Spatiotemporal control of cytoskeletal remodeling in lymphocytes

T cells use small and dynamic microvilli to efficiently scan cells for abnormalities.

Recognition induces synapse formation; a large polarised interface that drives effector functions e.g. cytotoxic granule release. The importance of the actin cytoskeleton in microvilli and synapse formation is well established.

However, it remains unclear how actin remodeling is spatiotemporally coordinated to drive these structures and whether they are impacted by metabolic state.

This proposal aims to (1) identify the drivers of microvilli formation and dynamics, (2) explain how the cytoskeleton is coordinated from microvillar scanning to synapse formation, and (3) explore the link between cytoskeletal remodeling and metabolism. Aims 1 and 2 will focus on Rho GTPases; the ‘master regulators’ of the actin cytoskeleton.

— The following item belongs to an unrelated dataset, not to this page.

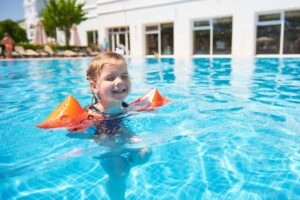 Bambina in piscina con i braccioli
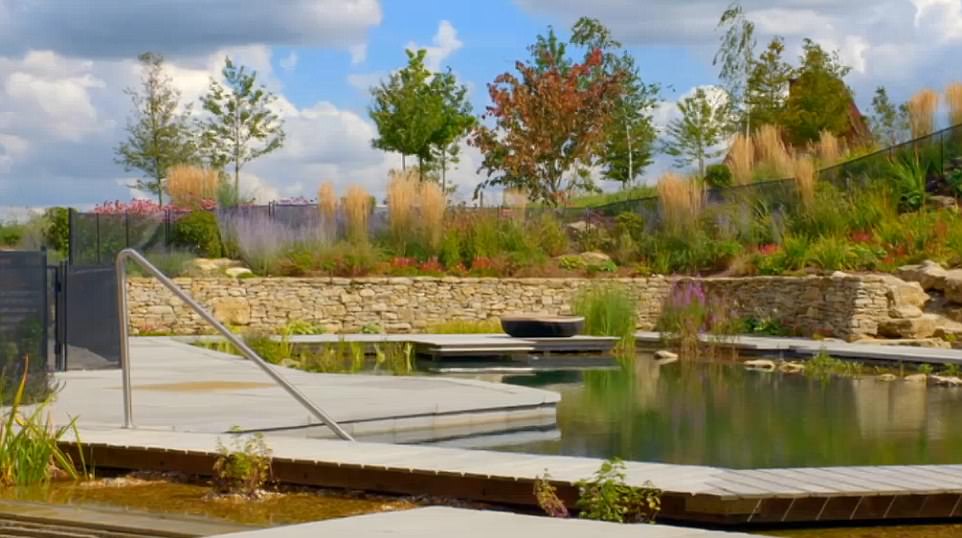 Landscape: Caring Wood's garden is something to behold, with a large pond surrounded by beautiful plants and trees that captures the essence of nature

I will use biosensors, optogenetic manipulators, light-sheet microscopy, and computer vision analyses to quantify and manipulate GTPase signaling networks in relation to microvilli and synapse formation in 4D.

Aim 3 will use biosensors, pharmacological manipulation, and metabolic readouts to examine the impact of metabolic state on microvillar scanning and synapse formation. All aims will use tuneable reconstituted systems to capture and manipulate these key behaviours.

Complete understanding of cytoskeletal remodeling may uncover novel ways to control T-cell function for therapeutic benefit.